* **Task instructions**:
Return, exactly and with nothing added, the line with "Turn off the" together with all lines after it through the end of the data below. No pictures belong in the copy.

* **Dataset excerpt**:
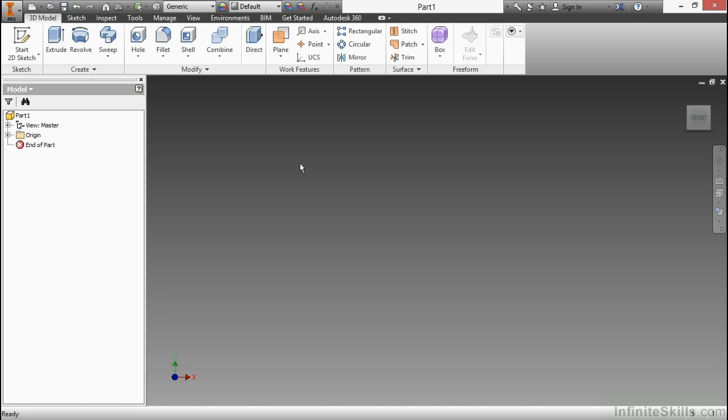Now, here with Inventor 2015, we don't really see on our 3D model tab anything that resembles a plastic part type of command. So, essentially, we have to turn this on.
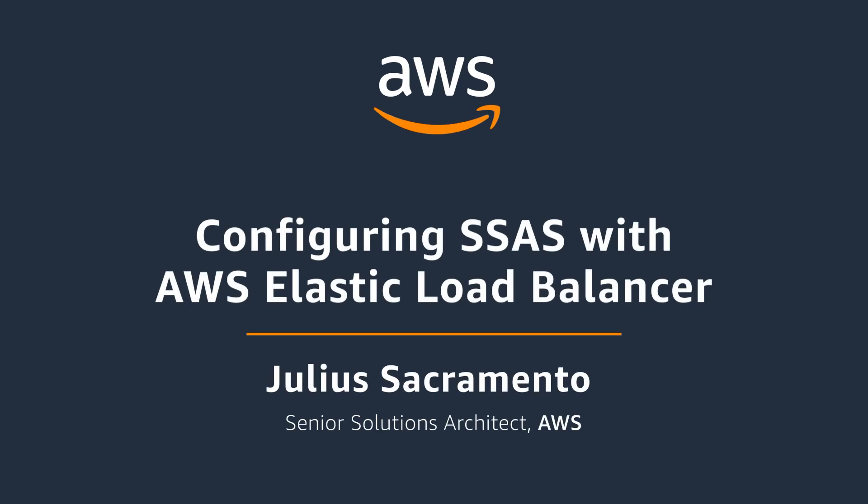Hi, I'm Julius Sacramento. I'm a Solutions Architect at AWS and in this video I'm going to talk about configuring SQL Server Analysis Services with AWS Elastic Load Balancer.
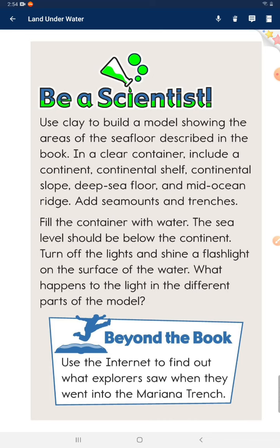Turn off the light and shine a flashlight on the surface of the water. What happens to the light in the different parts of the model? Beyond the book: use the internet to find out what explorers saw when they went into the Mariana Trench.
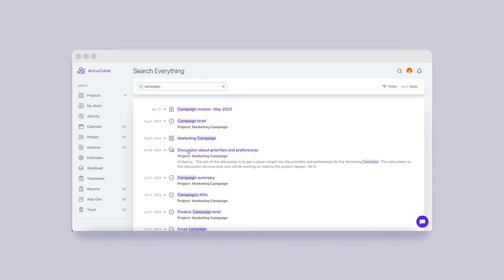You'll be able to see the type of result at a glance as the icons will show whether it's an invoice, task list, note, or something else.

* **Answer box**:
Turn off the light and shine a flashlight on the surface of the water. What happens to the light in the different parts of the model? Beyond the book: use the internet to find out what explorers saw when they went into the Mariana Trench.
You'll be able to see the type of result at a glance as the icons will show whether it's an invoice, task list, note, or something else.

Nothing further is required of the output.